Public Policy Update
As this issue of the Monitor reaches your mailbox, Congress should have just wrapped up its work on the 13 annual spending bills that fund everything from agriculture to Veterans Affairs. However, if this year is like the last several, Congress may be running into overtime. Many competing interests always vie for a limited pool of funds, but this year's enormous unexpected pressures--such as the war in Afghanistan and security concerns--have been brought to bear on the appropriations process over the last few months, putting a squeeze on many government programs.
Having said that, those of us who advocate for research funding are optimistic and with good reason. For example, the Senate has delivered the final installment of a five-year plan to double the budget of the National Institutes of Health (NIH) and has provided record funding for the Department of Defense Science and Technology account that includes basic behavioral research.
But Congress doesn't just dole out money; it also doles out advice. And that advice comes in the form of "report language," the explanatory text accompanying a bill that cuts through the legalese and generally lauds (but sometimes condemns) various programmatic initiatives. While this language doesn't carry the force of law, it is meant to convey to funding agencies what Congress likes (and doesn't like) about how agencies spend the money.

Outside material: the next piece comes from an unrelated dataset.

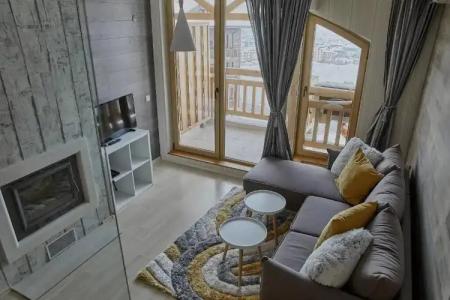 BOUTIQUE ENTRY E - 28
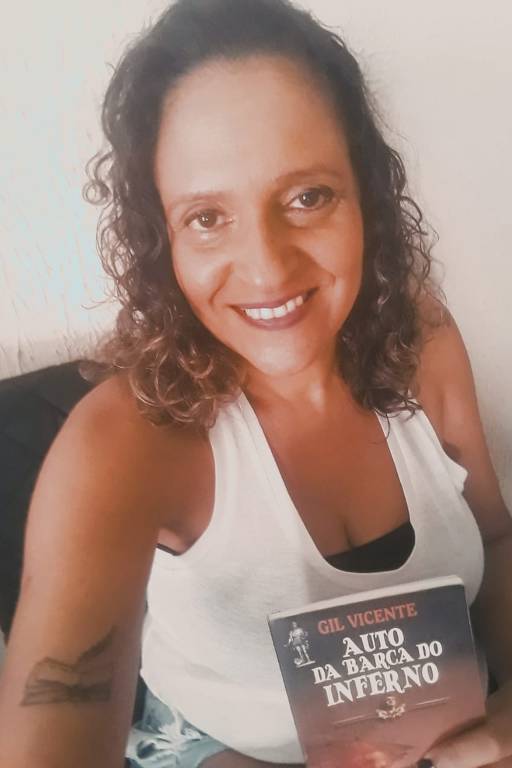 Carla Vitor, 49, de São Paulo (SP), com 'Auto da Barca do Inferno', de Gil Vicente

Public Policy Office staff spend considerable energy working with congressional staff to develop report language that supports behavioral and psychological research across a range of federal funding agencies. This year, the investment has paid off, and APA's report language was used to support programs at 10 of the Institutes at NIH, the Substance Abuse and Mental Health Services Administration, and the Centers for Disease Control and Prevention. Furthermore, for the first time in many years, the Senate Defense Appropriations bill included APA's report language in support of behavioral research at the military service laboratories. We are indebted to Senators Daniel Inouye (D-Hawaii), Tom Harkin (D-Iowa) and Arlen Specter (R-Pa.) for their support of these APA priorities.
Geoff Mumford, PhD, is APA's director of science policy.